Segment Start: RECORDS FOR PROCESSING
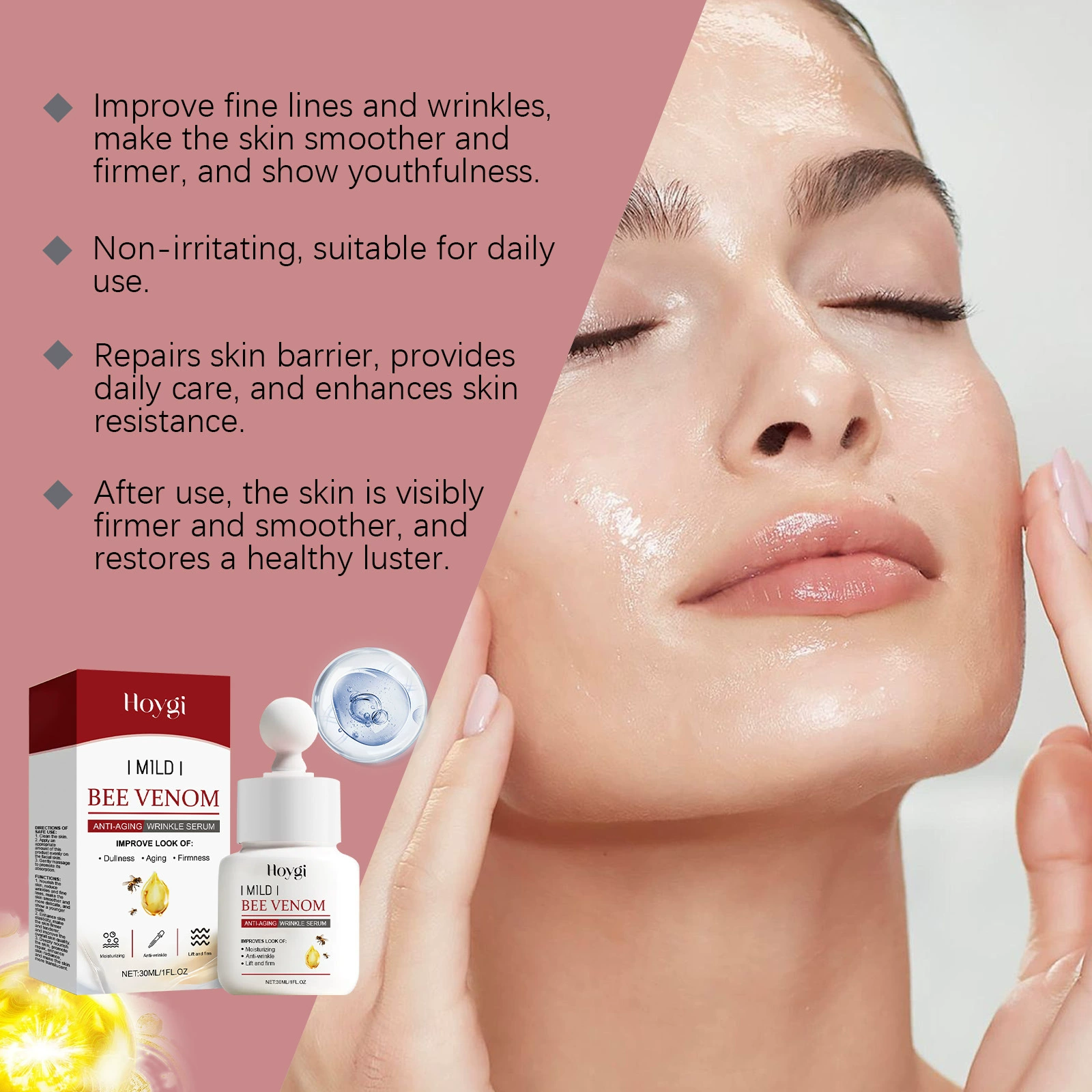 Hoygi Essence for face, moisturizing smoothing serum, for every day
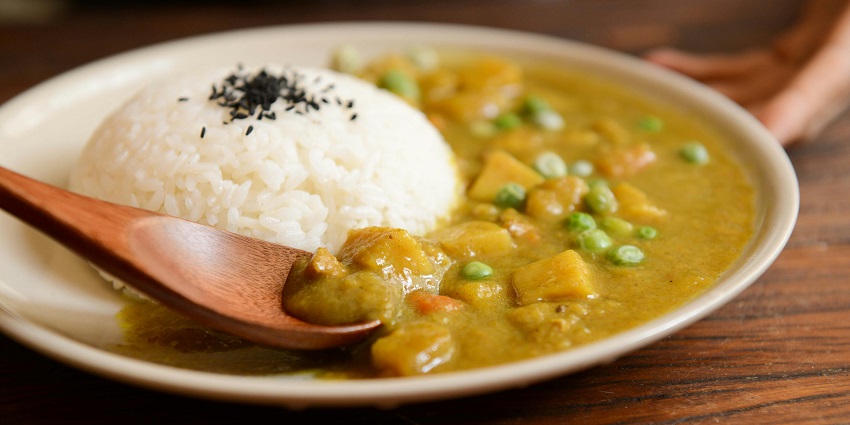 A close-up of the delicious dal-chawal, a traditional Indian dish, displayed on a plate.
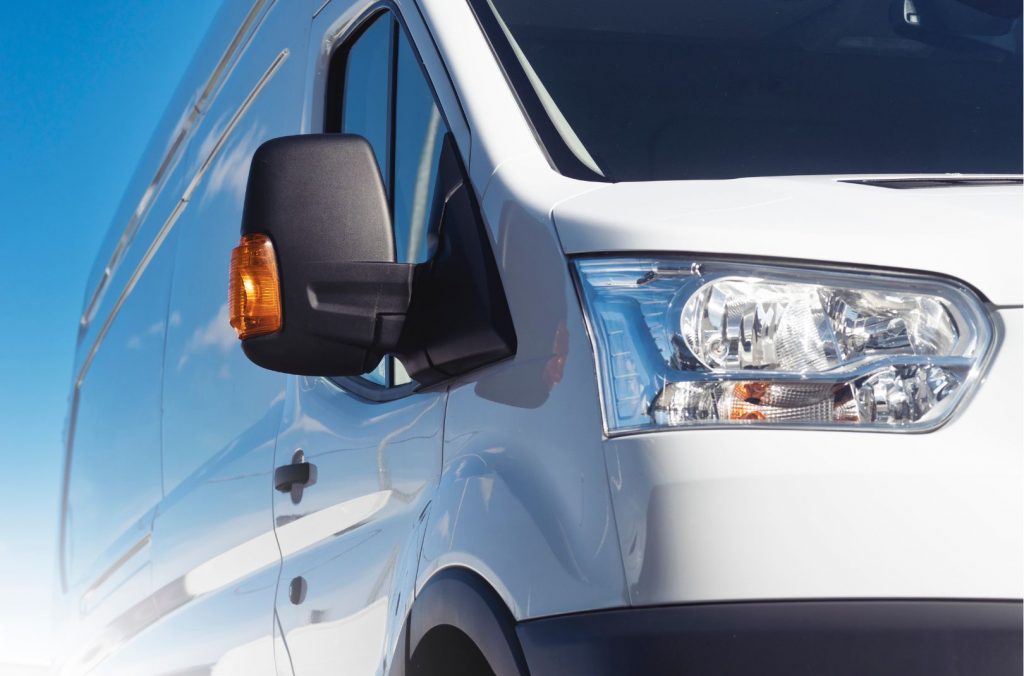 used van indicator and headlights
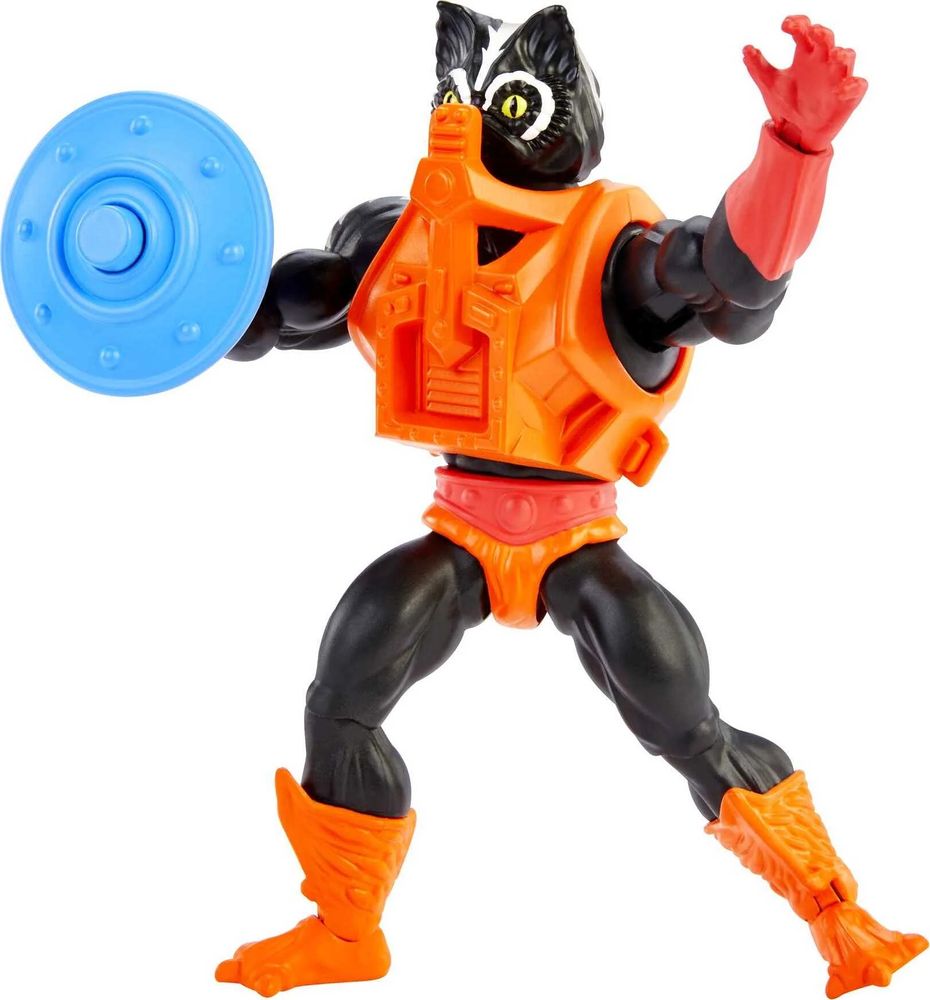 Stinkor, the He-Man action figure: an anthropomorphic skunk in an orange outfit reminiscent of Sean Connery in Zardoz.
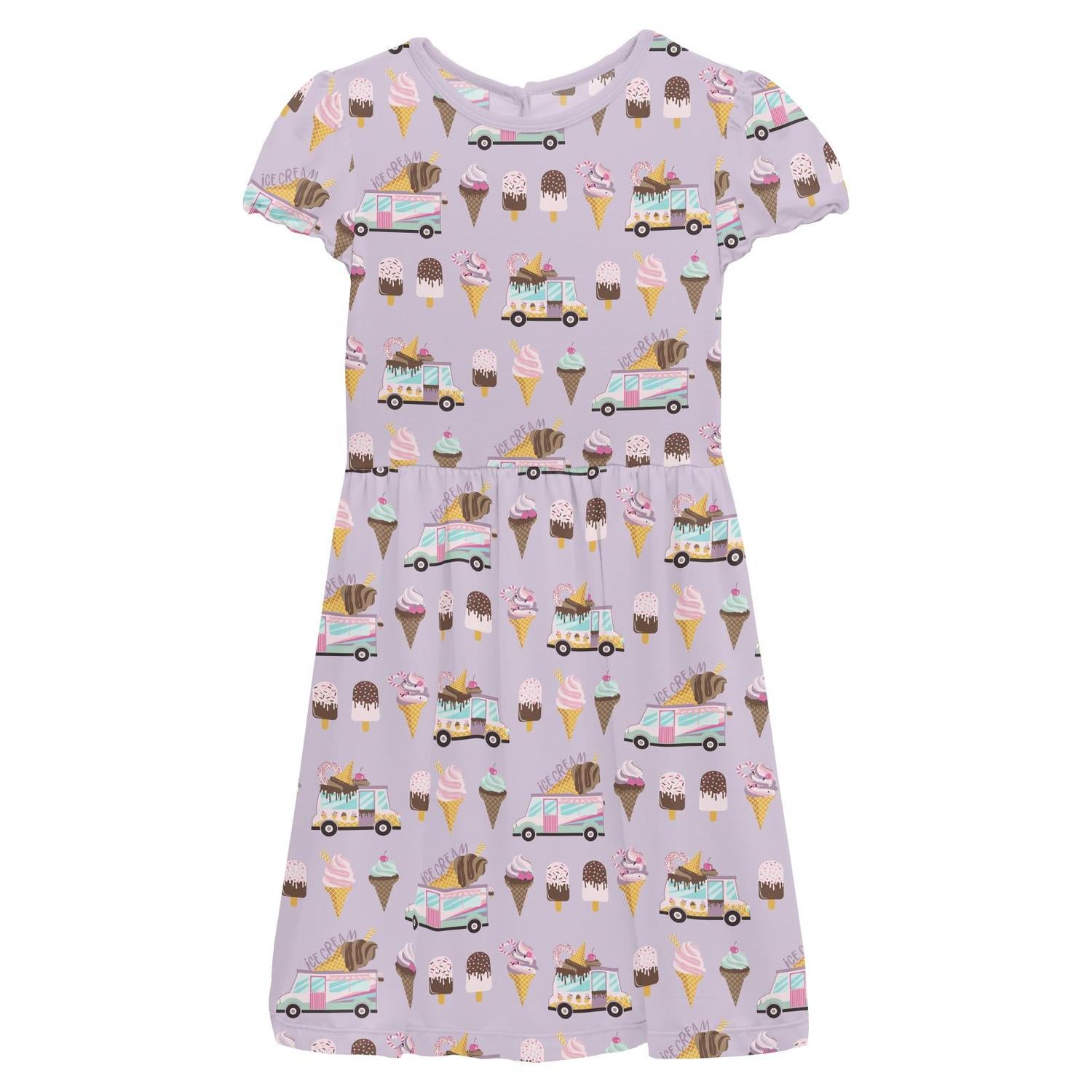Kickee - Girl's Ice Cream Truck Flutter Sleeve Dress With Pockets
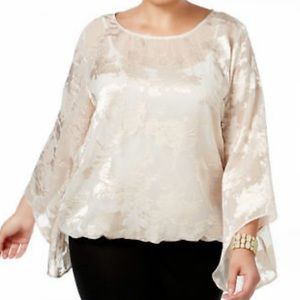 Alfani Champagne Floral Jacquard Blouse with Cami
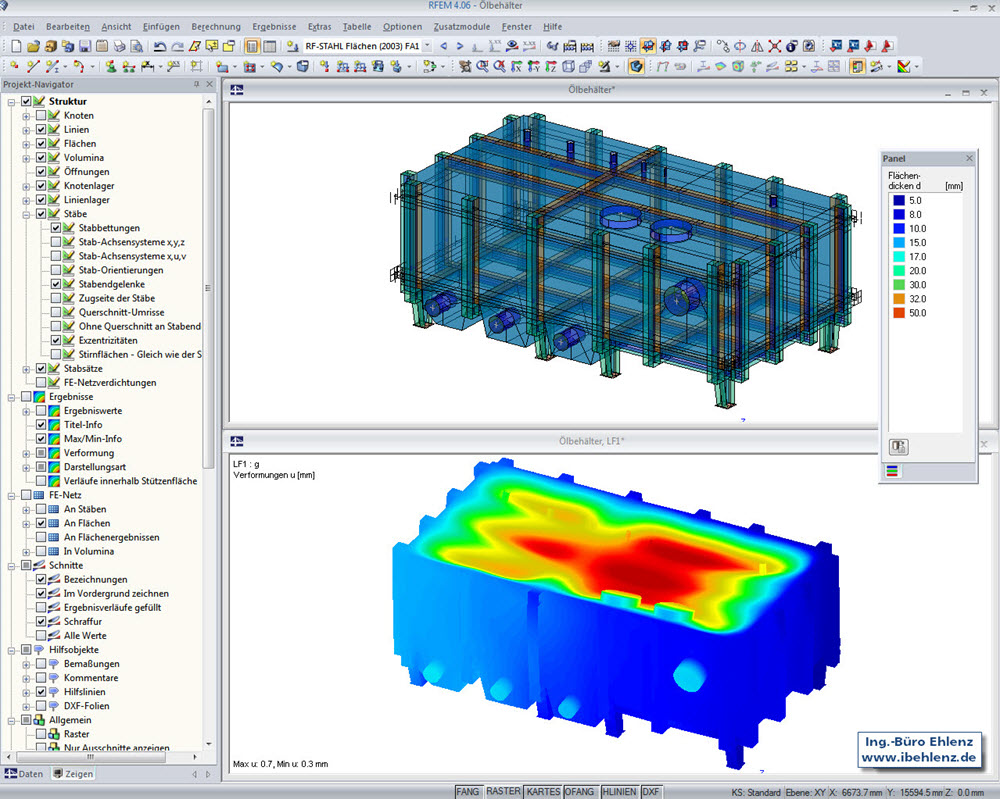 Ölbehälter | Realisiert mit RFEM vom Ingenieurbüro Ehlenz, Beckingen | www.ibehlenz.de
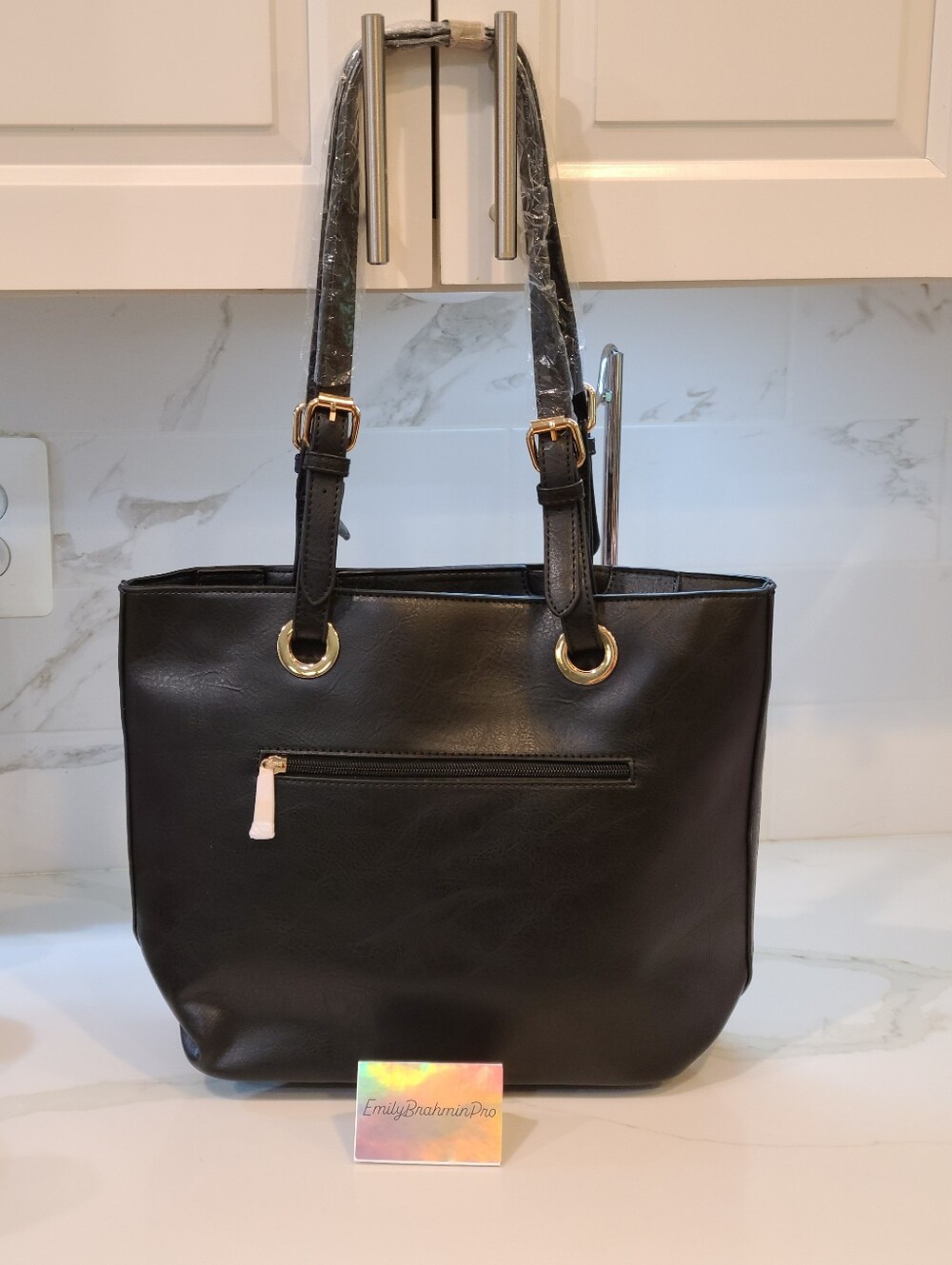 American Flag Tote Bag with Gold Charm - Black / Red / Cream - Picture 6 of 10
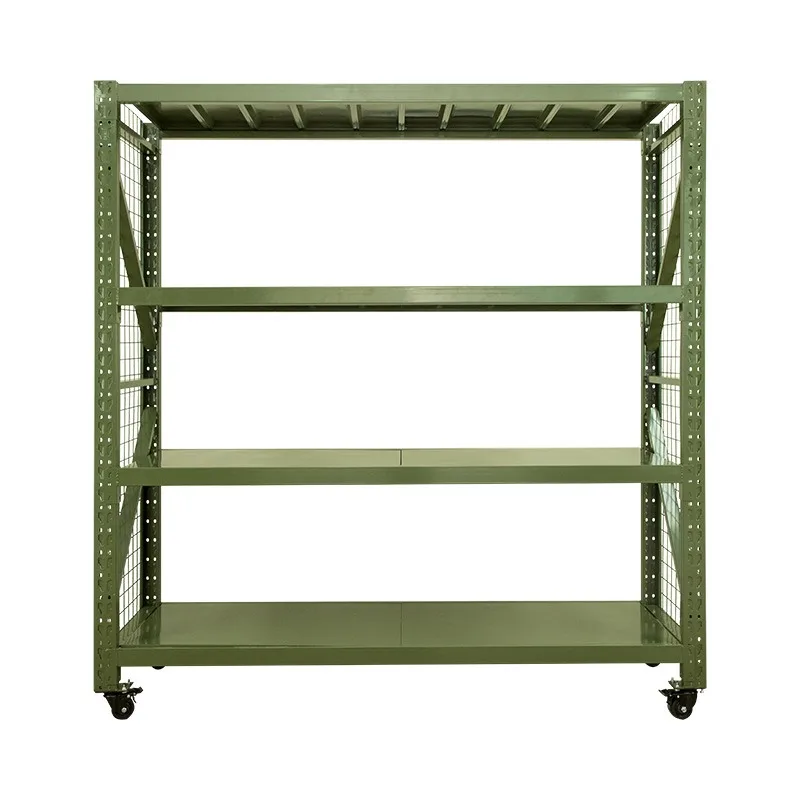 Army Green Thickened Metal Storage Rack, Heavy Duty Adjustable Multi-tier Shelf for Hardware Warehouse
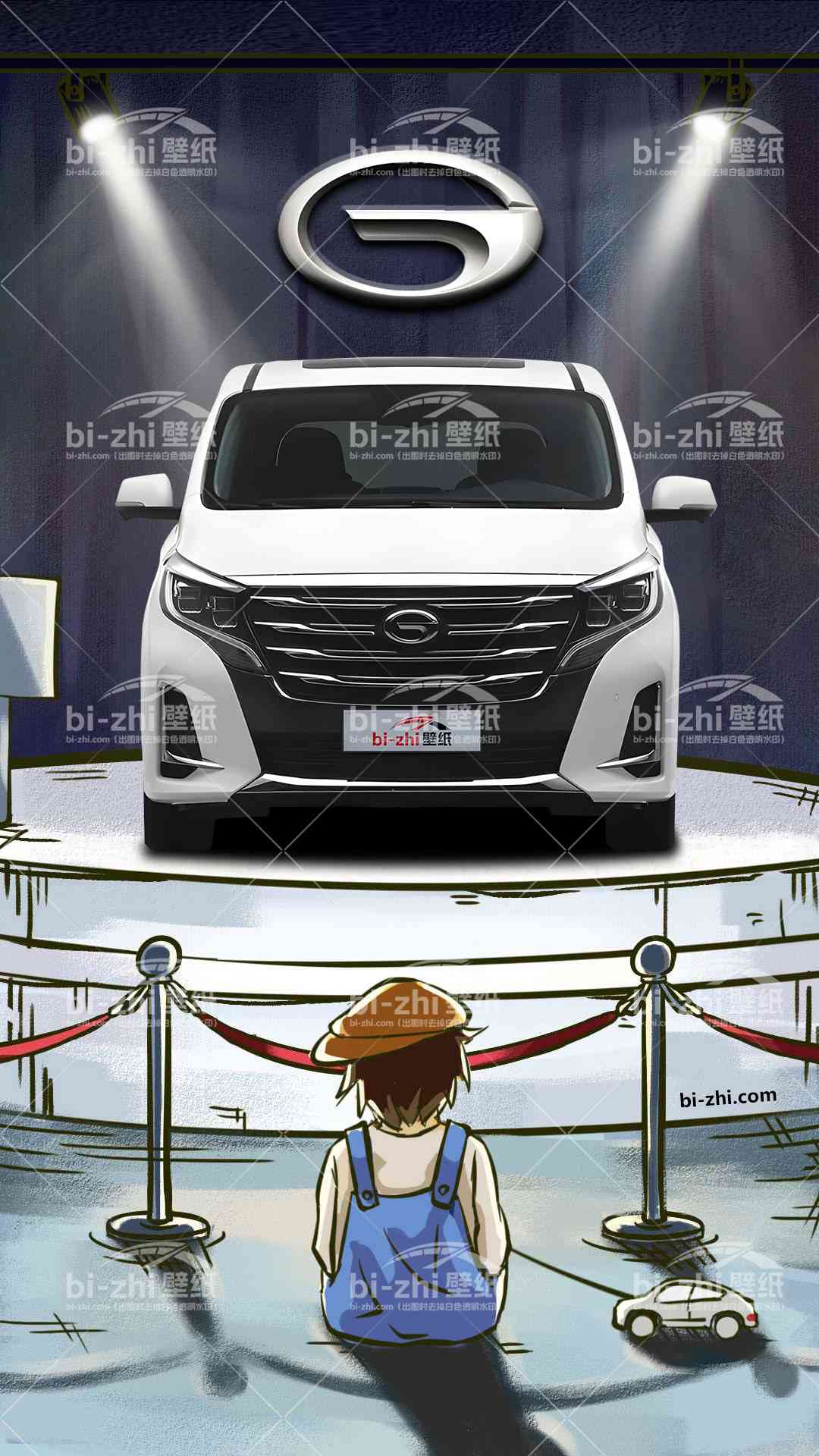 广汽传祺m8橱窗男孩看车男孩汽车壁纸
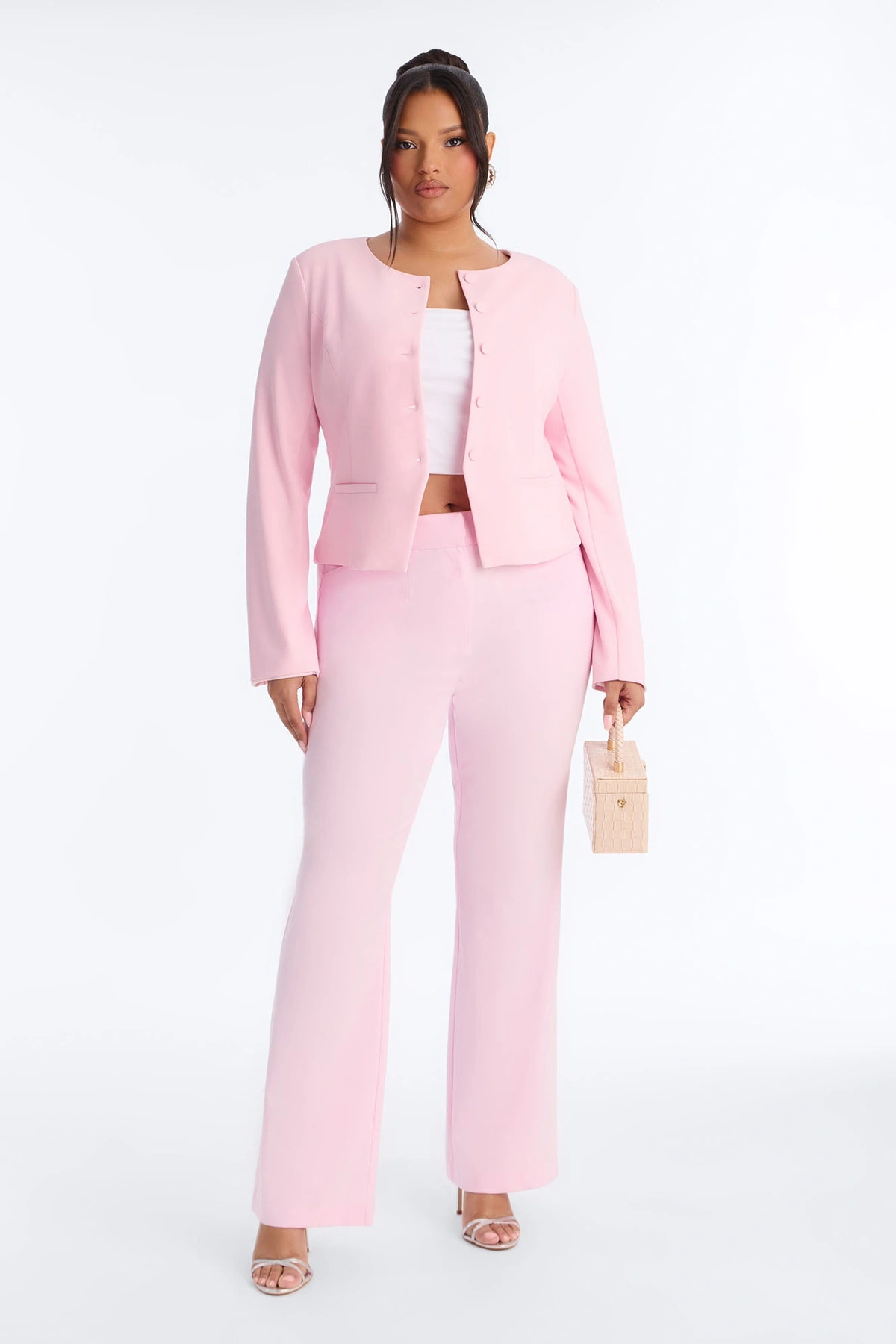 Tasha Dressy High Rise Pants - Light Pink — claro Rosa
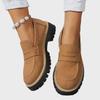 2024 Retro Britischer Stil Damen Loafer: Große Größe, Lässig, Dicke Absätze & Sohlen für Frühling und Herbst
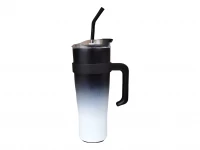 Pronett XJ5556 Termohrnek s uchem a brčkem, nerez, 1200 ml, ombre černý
Segment End: RECORDS FOR PROCESSING
=== YOUR OBJECTIVE ===
In the records above, take every line from the opening one through the line with "Alfani Champagne Floral" and repeat it exactly; pictures are not part of the copy.

=== RESPONSE BOX ===
 Hoygi Essence for face, moisturizing smoothing serum, for every day
 A close-up of the delicious dal-chawal, a traditional Indian dish, displayed on a plate.
 used van indicator and headlights
 Stinkor, the He-Man action figure: an anthropomorphic skunk in an orange outfit reminiscent of Sean Connery in Zardoz.
Kickee - Girl's Ice Cream Truck Flutter Sleeve Dress With Pockets
 Alfani Champagne Floral Jacquard Blouse with Cami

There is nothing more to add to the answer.